Building my-pi: my own Claude Code alternative with Pi

April 26, 2026 • 10 min read

pi my-pi claude-code developer-experience

I have written a few posts now about bits of my-pi: adding LSP, adding telemetry, and hardening redaction with evals.

What I have not actually done is the obvious one: explain what my-pi is, why I made it, and why I have suddenly spent a slightly silly amount of time using it.

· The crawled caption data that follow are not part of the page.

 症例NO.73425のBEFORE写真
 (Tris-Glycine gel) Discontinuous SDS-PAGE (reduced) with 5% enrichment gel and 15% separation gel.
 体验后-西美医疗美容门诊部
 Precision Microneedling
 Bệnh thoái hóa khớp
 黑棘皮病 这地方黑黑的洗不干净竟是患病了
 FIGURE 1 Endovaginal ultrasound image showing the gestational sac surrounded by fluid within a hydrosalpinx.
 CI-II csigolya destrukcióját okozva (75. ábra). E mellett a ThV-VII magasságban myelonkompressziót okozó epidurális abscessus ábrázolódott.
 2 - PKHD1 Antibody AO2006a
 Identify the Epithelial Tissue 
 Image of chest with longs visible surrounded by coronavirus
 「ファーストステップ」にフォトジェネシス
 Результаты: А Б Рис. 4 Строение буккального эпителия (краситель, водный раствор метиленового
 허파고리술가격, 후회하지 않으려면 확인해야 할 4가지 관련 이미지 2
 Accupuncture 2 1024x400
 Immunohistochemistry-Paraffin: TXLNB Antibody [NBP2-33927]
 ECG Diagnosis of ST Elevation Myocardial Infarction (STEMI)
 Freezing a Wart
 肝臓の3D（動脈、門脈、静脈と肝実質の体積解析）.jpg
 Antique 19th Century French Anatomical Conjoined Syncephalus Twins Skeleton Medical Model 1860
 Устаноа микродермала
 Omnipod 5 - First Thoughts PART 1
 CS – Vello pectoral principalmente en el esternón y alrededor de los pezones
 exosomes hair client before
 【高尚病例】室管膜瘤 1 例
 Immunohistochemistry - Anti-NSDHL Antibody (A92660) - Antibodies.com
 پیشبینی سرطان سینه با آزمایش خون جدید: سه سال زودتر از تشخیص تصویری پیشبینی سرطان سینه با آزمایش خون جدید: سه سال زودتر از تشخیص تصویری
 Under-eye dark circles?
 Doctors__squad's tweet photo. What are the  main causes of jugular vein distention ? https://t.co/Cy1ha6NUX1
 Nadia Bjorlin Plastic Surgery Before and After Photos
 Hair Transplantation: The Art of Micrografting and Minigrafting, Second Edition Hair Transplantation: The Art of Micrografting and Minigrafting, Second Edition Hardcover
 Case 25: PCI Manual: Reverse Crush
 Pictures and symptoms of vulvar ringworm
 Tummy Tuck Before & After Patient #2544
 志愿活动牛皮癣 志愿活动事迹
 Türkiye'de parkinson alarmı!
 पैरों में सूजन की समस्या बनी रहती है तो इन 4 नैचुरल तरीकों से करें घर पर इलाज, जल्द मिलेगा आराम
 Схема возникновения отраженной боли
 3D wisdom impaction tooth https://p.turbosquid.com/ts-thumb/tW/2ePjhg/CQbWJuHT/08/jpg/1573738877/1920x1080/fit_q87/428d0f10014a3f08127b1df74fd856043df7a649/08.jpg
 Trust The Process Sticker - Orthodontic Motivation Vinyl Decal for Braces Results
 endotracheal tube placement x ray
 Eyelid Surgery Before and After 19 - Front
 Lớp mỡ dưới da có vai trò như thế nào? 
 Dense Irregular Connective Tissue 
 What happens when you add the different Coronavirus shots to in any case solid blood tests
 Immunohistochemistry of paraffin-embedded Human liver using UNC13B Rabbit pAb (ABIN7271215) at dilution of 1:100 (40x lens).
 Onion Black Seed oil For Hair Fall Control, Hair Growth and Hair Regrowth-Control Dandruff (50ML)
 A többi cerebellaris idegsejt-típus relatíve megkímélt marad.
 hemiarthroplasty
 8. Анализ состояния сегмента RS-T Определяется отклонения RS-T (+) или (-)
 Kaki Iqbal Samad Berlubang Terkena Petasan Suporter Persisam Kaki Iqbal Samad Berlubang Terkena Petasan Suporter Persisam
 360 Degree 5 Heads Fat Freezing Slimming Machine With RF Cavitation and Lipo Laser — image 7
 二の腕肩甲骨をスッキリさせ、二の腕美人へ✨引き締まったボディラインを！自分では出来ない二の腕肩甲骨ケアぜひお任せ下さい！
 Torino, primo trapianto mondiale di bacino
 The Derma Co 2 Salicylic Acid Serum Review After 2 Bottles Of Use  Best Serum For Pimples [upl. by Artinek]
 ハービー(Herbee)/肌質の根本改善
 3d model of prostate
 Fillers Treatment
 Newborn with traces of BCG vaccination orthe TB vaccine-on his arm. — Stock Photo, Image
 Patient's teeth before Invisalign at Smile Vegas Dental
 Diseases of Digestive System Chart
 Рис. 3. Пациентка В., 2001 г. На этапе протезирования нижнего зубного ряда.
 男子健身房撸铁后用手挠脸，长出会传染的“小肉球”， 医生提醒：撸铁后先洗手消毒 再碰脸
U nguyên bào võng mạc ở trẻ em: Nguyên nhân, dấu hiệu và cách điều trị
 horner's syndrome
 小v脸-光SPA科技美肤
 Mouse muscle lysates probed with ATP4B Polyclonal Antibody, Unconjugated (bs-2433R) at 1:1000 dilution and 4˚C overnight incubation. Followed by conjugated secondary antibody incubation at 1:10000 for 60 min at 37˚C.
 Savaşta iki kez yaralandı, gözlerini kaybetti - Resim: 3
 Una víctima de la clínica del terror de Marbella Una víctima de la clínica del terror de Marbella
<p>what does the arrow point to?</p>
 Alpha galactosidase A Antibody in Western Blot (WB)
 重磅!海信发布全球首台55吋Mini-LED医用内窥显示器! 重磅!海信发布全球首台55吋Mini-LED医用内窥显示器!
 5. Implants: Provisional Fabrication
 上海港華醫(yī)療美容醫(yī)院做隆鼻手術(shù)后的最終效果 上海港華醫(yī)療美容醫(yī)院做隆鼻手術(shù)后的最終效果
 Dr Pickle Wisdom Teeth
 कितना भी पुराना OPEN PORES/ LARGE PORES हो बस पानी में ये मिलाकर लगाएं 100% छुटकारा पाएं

The short version: my-pi is my own opinionated AI coding agent harness, built on top of pi-coding-agent. It started as “I wonder if I can make Pi feel a bit more like how I want to work” and has very quickly become “oh, this is just my working environment now”.

That has been a bit of a surprise.

Claude Code became the default

For a while, the industry more or less settled on Claude Code as the terminal coding agent. Not because everyone had performed some grand scientific comparison, but because it was good enough, early enough, and useful enough that it became the thing people reached for.

I absolutely did too.

I have used Claude Code for basically everything: client work, side projects, blog posts, plugin work, MCP tools, skill experiments, redaction tooling, evals, the lot. I have written plenty about it, including the honest version of working with Claude Code, which is still pretty much where my head is at: brilliant, useful, frustrating, sometimes dog shite, somehow still productive.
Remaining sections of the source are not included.